What the exercise asks | Pictures in the entries below are excluded; copy only the lines from the one containing "104940740_JENXDVL3 - 01b Martina - pmv" to the one containing "Cozy Condo - Walk", both included.

Exercise data |

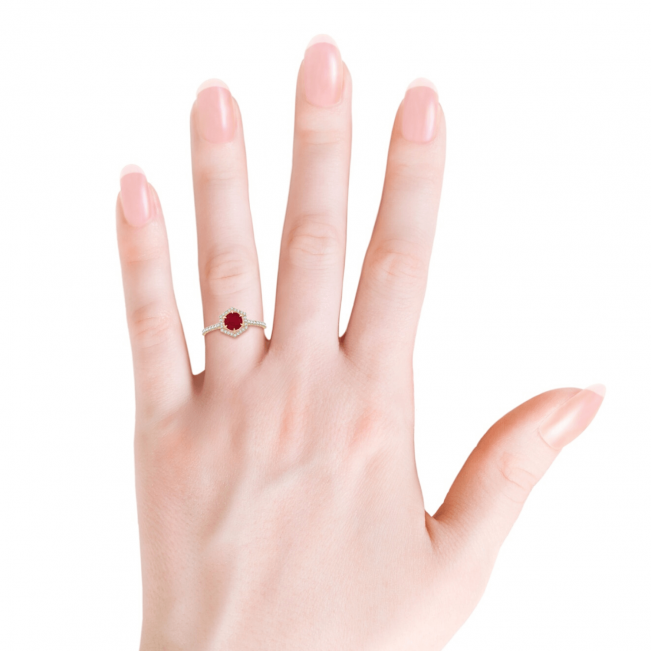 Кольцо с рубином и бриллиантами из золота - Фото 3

--

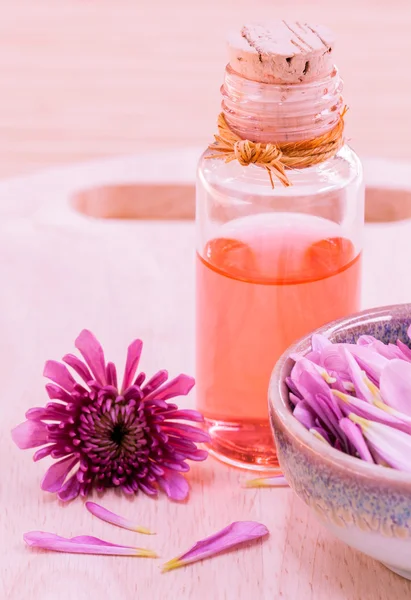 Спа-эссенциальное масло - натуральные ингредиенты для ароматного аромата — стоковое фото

...

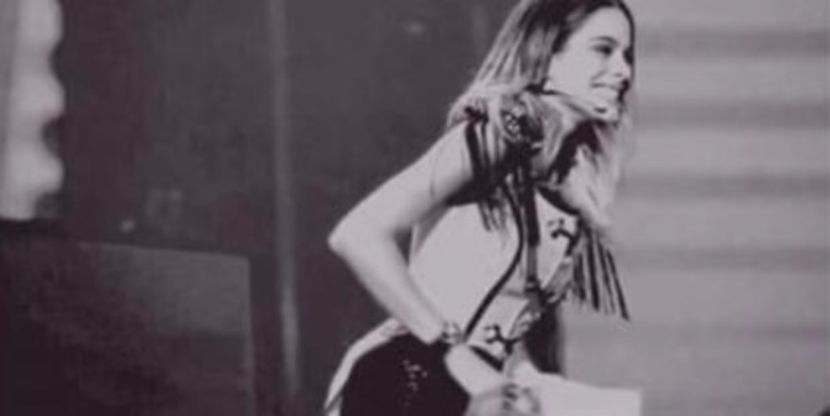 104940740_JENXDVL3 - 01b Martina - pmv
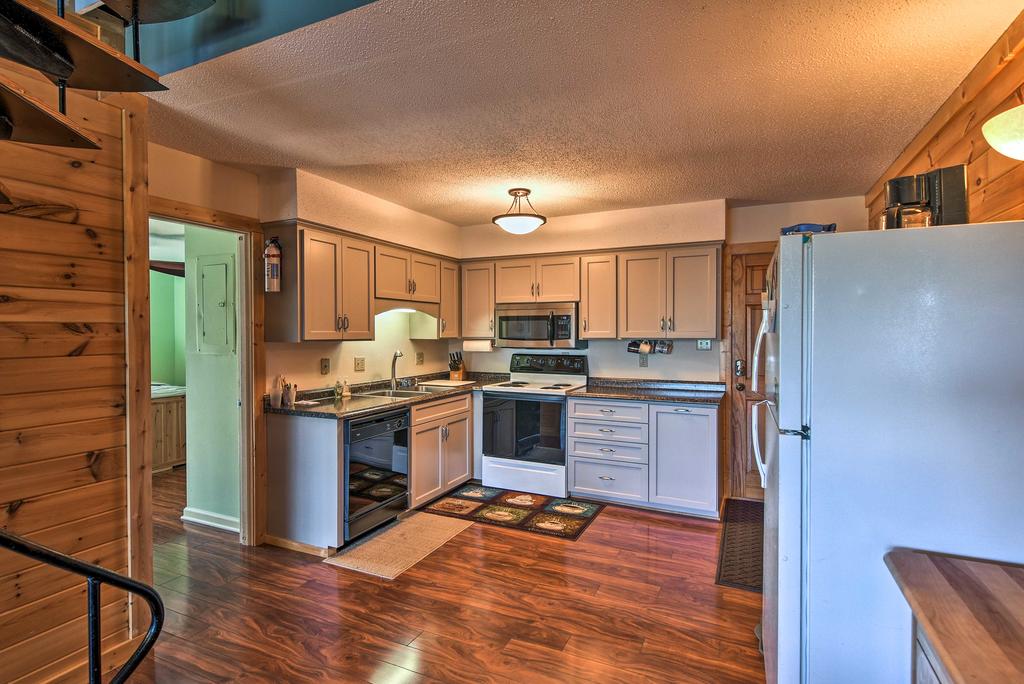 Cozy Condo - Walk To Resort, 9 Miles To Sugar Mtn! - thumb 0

Output for this exercise |
 104940740_JENXDVL3 - 01b Martina - pmv
 Cozy Condo - Walk To Resort, 9 Miles To Sugar Mtn! - thumb 0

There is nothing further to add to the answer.